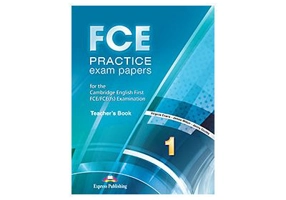 Curs de Limba Engleza FCE Practice Exam Papers 1 Teachers Book - Virginia Evans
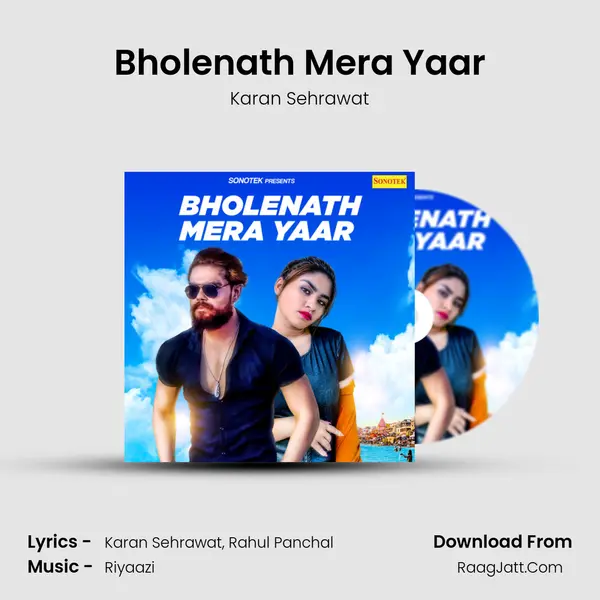 Bholenath Mera Yaar - Karan Sehrawat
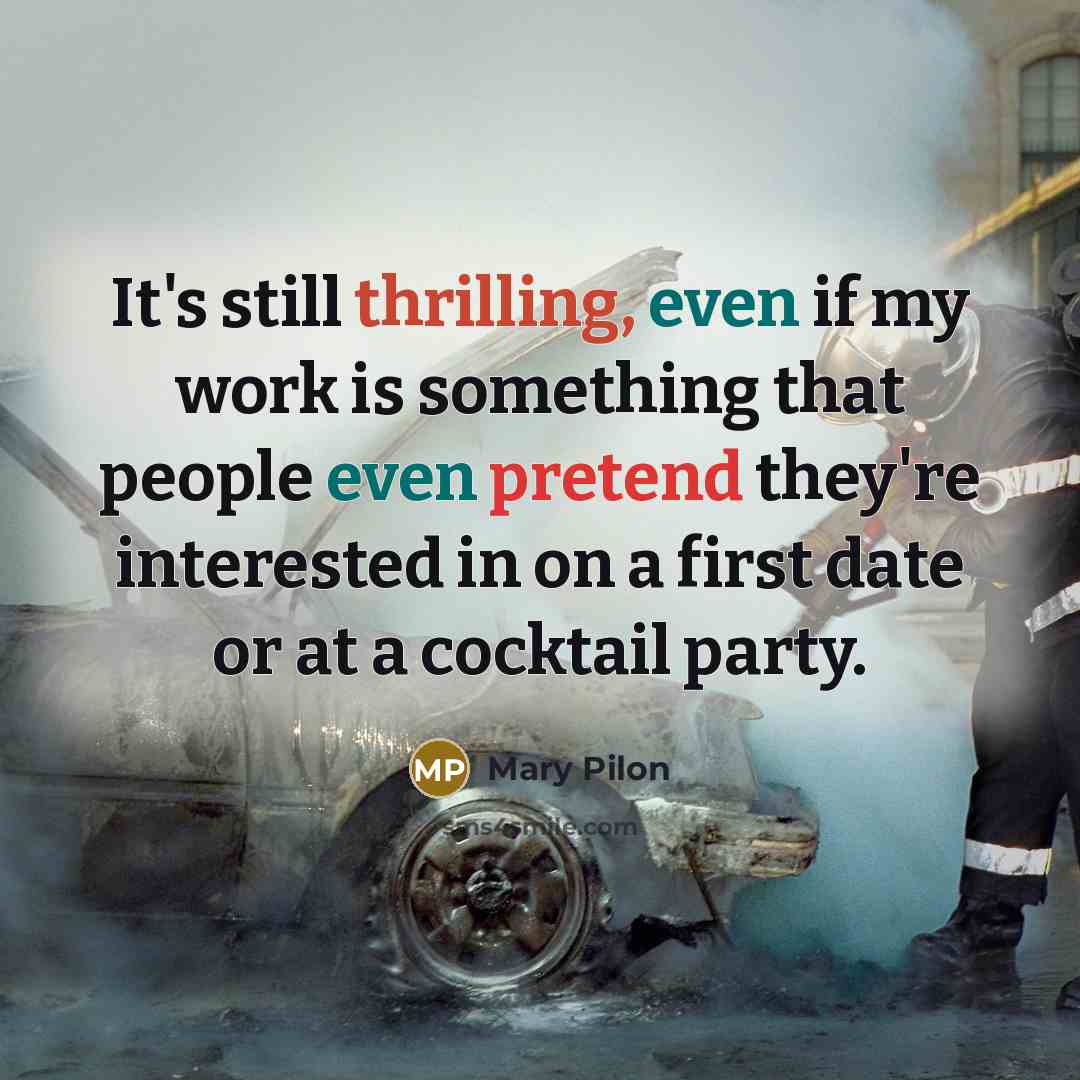 “It's still thrilling, even if my work is something that people even pretend they're interested in on a first date or at a cocktail party.” quote by Mary Pilon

============

EXERCISE DETAILS: Exclude every picture, then reproduce the remaining data character for character.

SOLUTION TO THE PROBLEM:
 Curs de Limba Engleza FCE Practice Exam Papers 1 Teachers Book - Virginia Evans
 Bholenath Mera Yaar - Karan Sehrawat
 “It's still thrilling, even if my work is something that people even pretend they're interested in on a first date or at a cocktail party.” quote by Mary Pilon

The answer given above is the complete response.